I would not have understood the emojis. Language changes. But the words would have had no way to reach my eyes. Or the covers, because, let’s face it, we judge books by the digital photos of their covers.

I read half of it before my morning coffee, the other half afterwards.
I confess, I’ve always had a soft spot for poetry. But, admitting that, well, once upon a time words were heavy and I couldn’t throw them very far, so who would I have even admitted that to once upon a time?

Novel damage (this table is to be filled in)
I love it.
It’s like a magical meta manual for playing games with one’s own life. As if the reader’s friend where a player in a game set up by the reader but dis-understood. It takes the structure of an appliance manual and cross-breeds it with a roleplaying manual and a self-help manual, looping back on itself and showing off the poetics of language as play. Then it swirls back, and brings to mind the constructivist poetry that bloomed a hundred years ago, after war and pandemic, reminding us that time is a leaky circle, that the hand is empty that tries to catch time, that we are here, now.
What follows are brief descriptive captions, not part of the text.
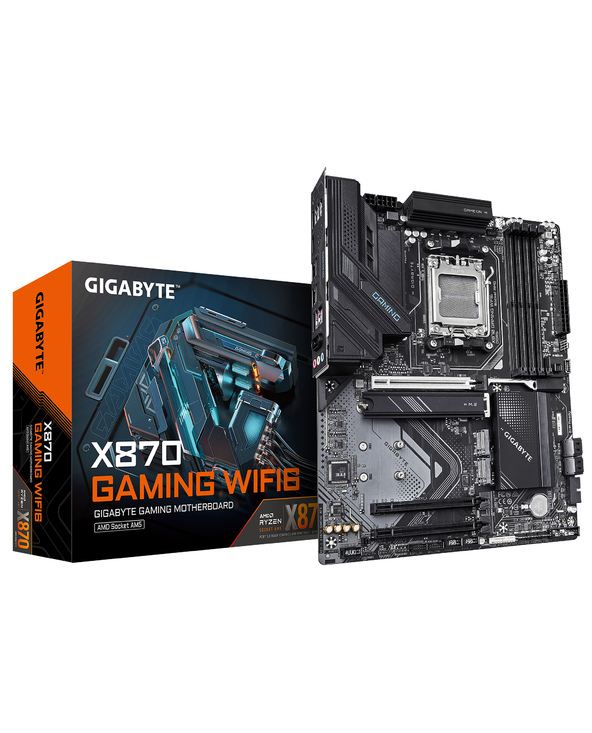 GIGABYTE X870 GAMING WIFI6 Carte Mère - Prend en charge les processeurs AMD Ryzen 9000, 8+2+2 phases VRM, jusqu'à 8000MHz DDR5 (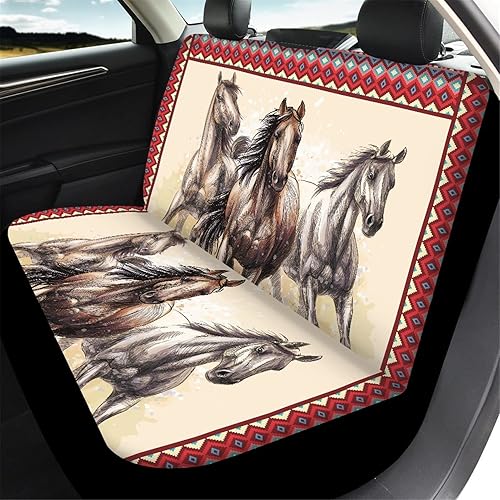 Vista 17 de CLOHOMIN Funda de asiento de coche con estampado azteca nativo americano, Navajo Western Southwest, accesorios para mujeres y hombres, fundas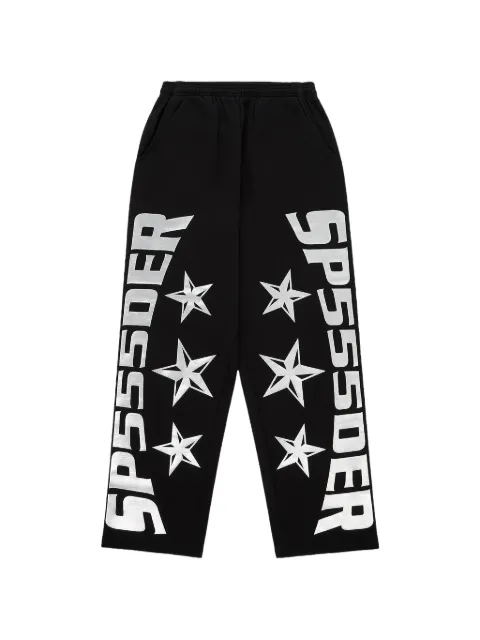 SP5DER logo-detail track pants Black SP5DER230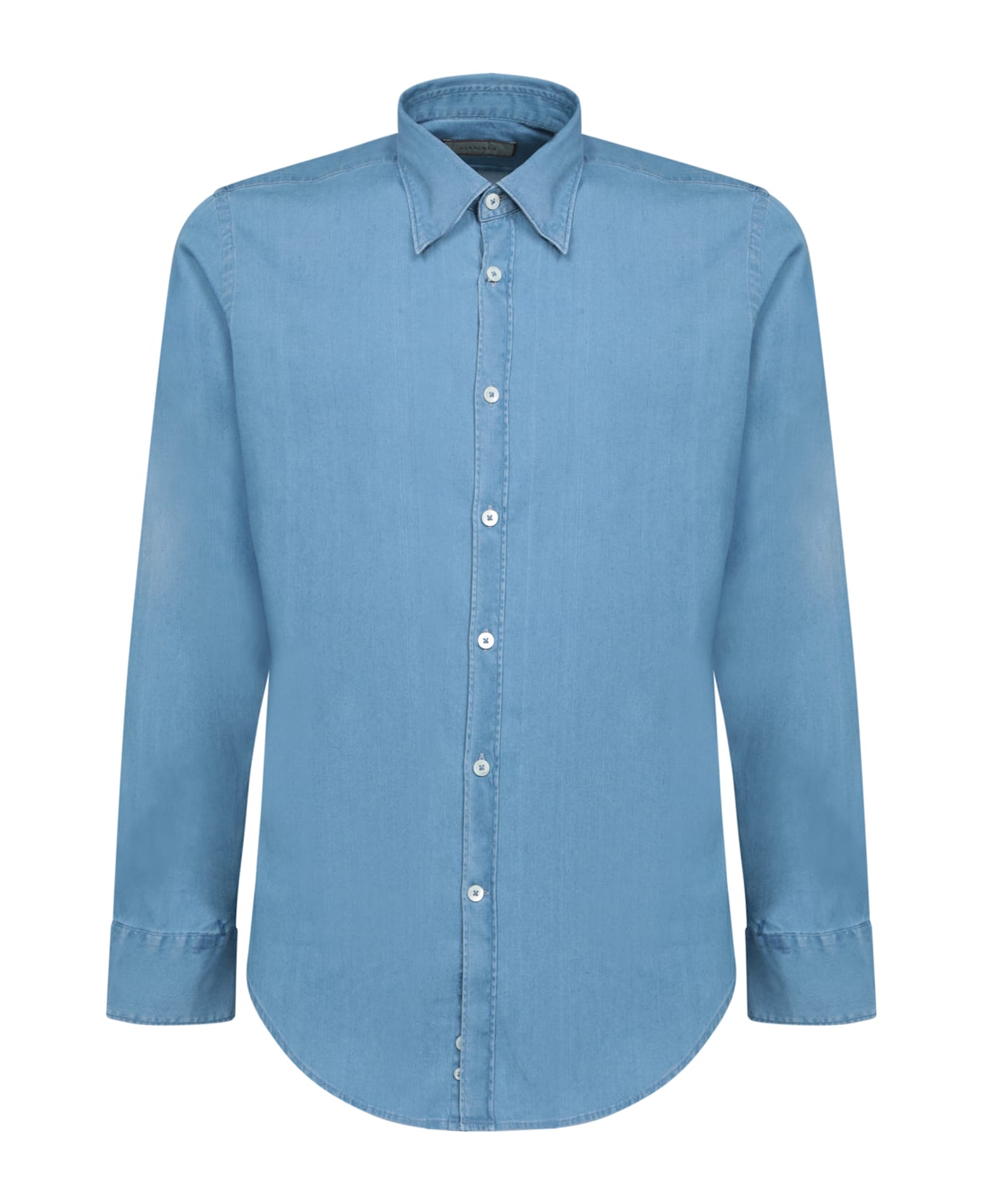 Canali Blue Denim Shirt - Blue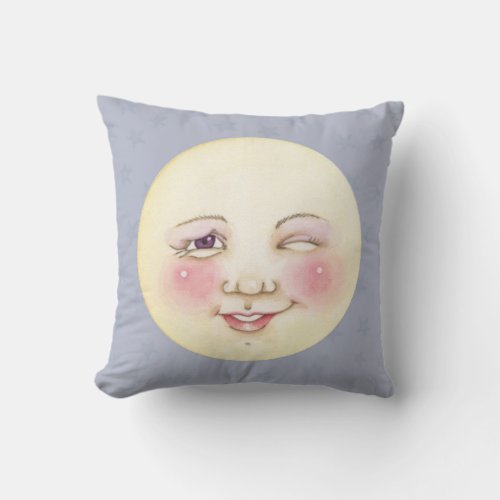 Winking Moon _ Pillow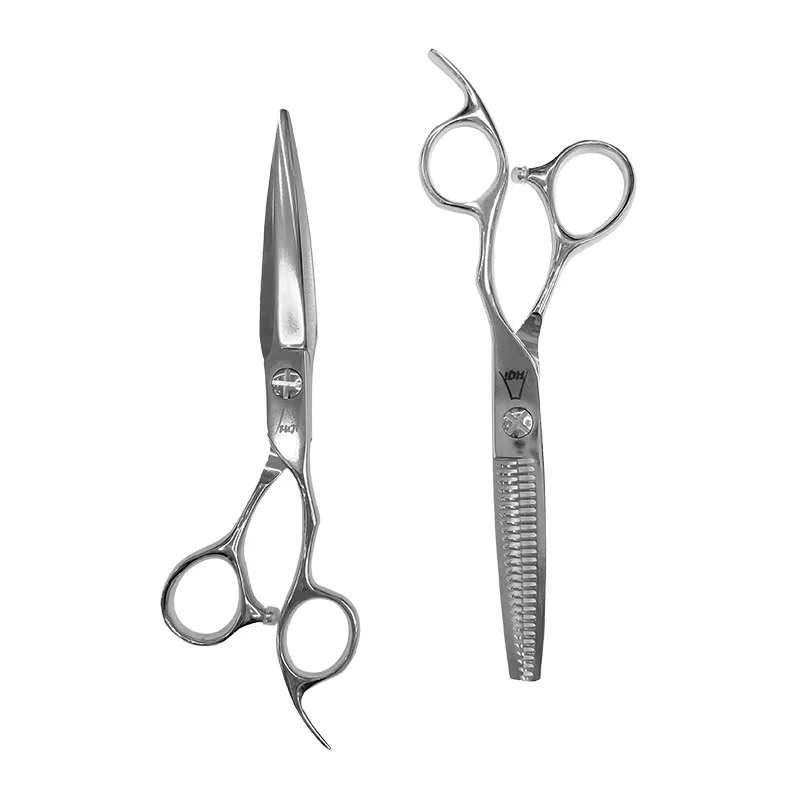 Набор ножниц из нержавеющей стали для стрижки волос и филировки черные парикмахерские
Take notes. A child has written in your manual in green crayon. Who was that child? Was it the reader and their dreams of a life to live, but now forgotten by the reader? Do not listen to the child. Listen to the child. Children speak truths adults pretend not to hear.
It’s good to be reminded that the kind of poetry that was too arcane and too experimental to throw far when words were heavy, may now come arcing across half a globe to be read before and after a coffee while humid monsoon paints grey outside.
But also the poetry itself. Godefroy captures something of the mechanical world we seem to find ourselves in. Our world, of light-fast, fast-as-light words, built on the work of computer programmers, is encoded in a language that pretends to cold, hard, rationality. Ones and zeroes, hexadecimals abundant. But in translation into human grey matter it is as soft and weird and fuzzy* as human language always was.
So, merci Godefroy.
A lovely morning to read that, a time out of time.
Godefroy Dronsart participates in the social carousel as @OzoneGrass on twitter.
The Manual is published by http://www.sweatdrenchedpress.com/ and the nauseating amazon micropress pod link is hidden beneath these blue letters.
*I won’t say moist and mushy, because though the brain is that, the words moist and mushy just don’t sit well. Imagine playing a game of moisture and mushiness, it’d feel terrible.